How to complete this task:
Write out the entries below exactly, from the first line to the one with "Type C Charger", both ends included.

=======

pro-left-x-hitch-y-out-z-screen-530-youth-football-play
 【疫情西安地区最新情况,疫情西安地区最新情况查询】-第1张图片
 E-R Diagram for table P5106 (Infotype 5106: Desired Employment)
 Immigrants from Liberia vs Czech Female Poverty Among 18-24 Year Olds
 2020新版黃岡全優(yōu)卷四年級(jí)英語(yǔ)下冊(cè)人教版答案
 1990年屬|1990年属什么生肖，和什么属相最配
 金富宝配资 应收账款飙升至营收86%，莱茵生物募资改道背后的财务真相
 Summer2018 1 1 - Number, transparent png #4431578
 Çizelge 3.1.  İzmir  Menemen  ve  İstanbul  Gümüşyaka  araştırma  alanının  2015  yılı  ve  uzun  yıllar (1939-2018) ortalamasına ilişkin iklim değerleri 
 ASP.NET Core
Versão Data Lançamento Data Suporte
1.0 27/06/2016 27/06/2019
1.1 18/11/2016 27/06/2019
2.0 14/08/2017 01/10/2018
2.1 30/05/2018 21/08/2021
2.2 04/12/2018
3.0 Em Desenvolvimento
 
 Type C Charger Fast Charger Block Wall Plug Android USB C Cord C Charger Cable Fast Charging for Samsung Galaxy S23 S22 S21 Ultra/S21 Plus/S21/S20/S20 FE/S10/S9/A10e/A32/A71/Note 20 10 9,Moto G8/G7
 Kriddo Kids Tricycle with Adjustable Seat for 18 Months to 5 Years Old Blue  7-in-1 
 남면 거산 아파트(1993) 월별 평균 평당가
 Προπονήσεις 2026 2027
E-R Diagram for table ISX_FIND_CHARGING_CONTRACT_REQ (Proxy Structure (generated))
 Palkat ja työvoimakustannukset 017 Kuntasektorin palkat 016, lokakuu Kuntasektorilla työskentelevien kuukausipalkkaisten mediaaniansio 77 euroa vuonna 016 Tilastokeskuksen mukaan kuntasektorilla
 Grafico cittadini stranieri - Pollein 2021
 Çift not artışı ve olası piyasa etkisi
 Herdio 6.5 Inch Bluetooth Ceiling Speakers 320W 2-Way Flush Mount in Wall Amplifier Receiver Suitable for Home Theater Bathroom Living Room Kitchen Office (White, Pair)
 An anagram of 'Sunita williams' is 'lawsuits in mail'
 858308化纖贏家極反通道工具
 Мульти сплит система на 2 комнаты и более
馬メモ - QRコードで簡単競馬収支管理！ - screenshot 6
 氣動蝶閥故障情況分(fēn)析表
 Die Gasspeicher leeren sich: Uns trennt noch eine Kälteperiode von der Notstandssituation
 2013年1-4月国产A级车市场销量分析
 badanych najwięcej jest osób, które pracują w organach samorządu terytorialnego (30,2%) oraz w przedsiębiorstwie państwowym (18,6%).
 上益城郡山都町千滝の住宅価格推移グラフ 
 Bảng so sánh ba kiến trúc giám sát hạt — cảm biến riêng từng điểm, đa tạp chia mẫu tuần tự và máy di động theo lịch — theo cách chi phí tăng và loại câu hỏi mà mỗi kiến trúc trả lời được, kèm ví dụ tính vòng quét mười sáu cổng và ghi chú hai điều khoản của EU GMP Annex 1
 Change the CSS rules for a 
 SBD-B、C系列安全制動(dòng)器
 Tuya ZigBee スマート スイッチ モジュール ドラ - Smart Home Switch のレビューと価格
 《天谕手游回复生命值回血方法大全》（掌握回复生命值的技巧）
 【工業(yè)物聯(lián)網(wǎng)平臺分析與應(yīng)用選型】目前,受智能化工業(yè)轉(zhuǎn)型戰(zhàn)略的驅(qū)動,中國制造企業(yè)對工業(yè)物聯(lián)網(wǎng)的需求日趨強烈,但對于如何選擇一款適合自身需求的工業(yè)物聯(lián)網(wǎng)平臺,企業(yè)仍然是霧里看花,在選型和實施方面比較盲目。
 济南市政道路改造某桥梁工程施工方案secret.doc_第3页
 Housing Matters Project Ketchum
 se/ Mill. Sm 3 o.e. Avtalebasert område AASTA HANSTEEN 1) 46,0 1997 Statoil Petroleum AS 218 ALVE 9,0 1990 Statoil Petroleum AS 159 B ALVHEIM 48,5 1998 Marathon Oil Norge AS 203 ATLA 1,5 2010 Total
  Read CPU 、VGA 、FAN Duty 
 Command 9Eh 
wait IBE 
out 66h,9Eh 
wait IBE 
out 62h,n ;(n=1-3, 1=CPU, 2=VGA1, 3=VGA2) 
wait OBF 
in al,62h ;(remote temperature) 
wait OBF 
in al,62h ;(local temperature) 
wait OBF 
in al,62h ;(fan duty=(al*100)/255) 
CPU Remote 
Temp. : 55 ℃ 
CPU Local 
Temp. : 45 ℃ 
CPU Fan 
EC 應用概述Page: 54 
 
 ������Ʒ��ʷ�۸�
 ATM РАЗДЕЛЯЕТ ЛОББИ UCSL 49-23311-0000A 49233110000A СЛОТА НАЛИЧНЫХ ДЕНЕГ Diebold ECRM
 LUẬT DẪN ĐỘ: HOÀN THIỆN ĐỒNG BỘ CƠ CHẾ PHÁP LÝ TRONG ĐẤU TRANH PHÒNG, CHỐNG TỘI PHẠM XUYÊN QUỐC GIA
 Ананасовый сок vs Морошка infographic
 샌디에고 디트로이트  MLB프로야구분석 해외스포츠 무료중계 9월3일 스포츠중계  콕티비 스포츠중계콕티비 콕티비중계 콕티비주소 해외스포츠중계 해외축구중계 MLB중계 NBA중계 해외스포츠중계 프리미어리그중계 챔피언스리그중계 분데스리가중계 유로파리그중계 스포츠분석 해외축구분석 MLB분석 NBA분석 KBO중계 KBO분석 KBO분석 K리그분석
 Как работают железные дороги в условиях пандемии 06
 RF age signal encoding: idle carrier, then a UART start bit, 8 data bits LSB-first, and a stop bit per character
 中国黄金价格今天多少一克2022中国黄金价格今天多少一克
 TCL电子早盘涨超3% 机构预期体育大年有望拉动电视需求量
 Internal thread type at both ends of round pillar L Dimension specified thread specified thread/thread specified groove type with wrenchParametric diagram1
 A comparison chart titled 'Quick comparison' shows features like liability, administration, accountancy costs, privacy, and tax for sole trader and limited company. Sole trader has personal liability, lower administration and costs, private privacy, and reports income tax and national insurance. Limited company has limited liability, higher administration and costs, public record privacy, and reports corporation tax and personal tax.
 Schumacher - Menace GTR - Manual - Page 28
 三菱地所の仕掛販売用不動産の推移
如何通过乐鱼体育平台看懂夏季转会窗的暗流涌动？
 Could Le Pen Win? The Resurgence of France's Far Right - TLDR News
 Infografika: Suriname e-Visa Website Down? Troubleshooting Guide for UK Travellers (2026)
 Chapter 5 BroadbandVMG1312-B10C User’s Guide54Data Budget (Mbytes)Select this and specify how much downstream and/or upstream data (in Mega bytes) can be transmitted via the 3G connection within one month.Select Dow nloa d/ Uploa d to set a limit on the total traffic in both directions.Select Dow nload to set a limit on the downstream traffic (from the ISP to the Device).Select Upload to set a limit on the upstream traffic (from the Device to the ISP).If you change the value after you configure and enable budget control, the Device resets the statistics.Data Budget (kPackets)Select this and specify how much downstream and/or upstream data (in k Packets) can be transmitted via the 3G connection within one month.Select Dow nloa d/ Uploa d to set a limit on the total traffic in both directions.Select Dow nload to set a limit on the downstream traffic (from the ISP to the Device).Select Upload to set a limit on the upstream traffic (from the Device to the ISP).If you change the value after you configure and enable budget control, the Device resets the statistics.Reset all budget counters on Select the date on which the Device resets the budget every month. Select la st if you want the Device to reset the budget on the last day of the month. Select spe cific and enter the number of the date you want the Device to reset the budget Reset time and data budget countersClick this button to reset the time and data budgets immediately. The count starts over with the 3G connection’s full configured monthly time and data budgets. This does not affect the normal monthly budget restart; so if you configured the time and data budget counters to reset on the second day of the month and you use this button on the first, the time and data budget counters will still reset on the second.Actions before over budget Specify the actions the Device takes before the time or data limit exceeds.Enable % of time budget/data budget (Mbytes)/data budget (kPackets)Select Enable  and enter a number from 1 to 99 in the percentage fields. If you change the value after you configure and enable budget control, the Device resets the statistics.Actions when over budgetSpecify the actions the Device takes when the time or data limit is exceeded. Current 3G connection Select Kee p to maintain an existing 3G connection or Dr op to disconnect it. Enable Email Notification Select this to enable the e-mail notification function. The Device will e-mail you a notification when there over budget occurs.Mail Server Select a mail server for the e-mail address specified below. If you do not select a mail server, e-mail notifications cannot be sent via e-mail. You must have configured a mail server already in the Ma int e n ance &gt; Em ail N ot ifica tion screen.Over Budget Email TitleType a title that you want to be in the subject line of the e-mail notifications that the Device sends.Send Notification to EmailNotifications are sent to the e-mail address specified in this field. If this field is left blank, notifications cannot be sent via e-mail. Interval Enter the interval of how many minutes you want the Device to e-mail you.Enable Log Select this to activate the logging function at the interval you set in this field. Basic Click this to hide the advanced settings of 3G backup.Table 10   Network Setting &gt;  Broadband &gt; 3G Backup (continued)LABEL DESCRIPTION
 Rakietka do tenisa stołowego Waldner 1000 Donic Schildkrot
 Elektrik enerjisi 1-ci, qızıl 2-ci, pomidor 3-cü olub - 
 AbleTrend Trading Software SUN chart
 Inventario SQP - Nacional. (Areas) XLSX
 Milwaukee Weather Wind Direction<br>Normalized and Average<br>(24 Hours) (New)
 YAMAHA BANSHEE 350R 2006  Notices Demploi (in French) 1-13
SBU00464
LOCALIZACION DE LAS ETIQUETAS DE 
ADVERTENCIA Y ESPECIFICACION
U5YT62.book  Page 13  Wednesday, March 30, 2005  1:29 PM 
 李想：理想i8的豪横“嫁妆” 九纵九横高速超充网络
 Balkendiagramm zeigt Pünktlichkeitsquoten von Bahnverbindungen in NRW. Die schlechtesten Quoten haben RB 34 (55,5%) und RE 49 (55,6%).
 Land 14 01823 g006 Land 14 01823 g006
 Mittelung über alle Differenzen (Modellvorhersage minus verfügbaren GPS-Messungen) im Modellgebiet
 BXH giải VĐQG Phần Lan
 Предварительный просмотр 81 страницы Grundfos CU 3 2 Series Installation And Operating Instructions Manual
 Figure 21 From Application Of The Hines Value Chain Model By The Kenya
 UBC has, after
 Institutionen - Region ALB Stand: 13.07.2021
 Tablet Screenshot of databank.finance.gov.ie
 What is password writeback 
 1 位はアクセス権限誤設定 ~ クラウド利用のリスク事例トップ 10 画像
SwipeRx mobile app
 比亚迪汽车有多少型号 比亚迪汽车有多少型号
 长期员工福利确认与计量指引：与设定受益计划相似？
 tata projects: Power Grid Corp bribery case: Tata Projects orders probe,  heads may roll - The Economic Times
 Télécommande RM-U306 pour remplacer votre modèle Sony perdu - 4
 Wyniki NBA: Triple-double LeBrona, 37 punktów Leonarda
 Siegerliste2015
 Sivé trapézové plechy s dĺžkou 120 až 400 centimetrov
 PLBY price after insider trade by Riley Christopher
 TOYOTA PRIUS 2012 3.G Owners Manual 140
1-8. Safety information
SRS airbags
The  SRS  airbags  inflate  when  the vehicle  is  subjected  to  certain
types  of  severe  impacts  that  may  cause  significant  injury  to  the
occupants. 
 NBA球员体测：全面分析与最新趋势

=======

Solution:
pro-left-x-hitch-y-out-z-screen-530-youth-football-play
 【疫情西安地区最新情况,疫情西安地区最新情况查询】-第1张图片
 E-R Diagram for table P5106 (Infotype 5106: Desired Employment)
 Immigrants from Liberia vs Czech Female Poverty Among 18-24 Year Olds
 2020新版黃岡全優(yōu)卷四年級(jí)英語(yǔ)下冊(cè)人教版答案
 1990年屬|1990年属什么生肖，和什么属相最配
 金富宝配资 应收账款飙升至营收86%，莱茵生物募资改道背后的财务真相
 Summer2018 1 1 - Number, transparent png #4431578
 Çizelge 3.1.  İzmir  Menemen  ve  İstanbul  Gümüşyaka  araştırma  alanının  2015  yılı  ve  uzun  yıllar (1939-2018) ortalamasına ilişkin iklim değerleri 
 ASP.NET Core
Versão Data Lançamento Data Suporte
1.0 27/06/2016 27/06/2019
1.1 18/11/2016 27/06/2019
2.0 14/08/2017 01/10/2018
2.1 30/05/2018 21/08/2021
2.2 04/12/2018
3.0 Em Desenvolvimento
 
 Type C Charger Fast Charger Block Wall Plug Android USB C Cord C Charger Cable Fast Charging for Samsung Galaxy S23 S22 S21 Ultra/S21 Plus/S21/S20/S20 FE/S10/S9/A10e/A32/A71/Note 20 10 9,Moto G8/G7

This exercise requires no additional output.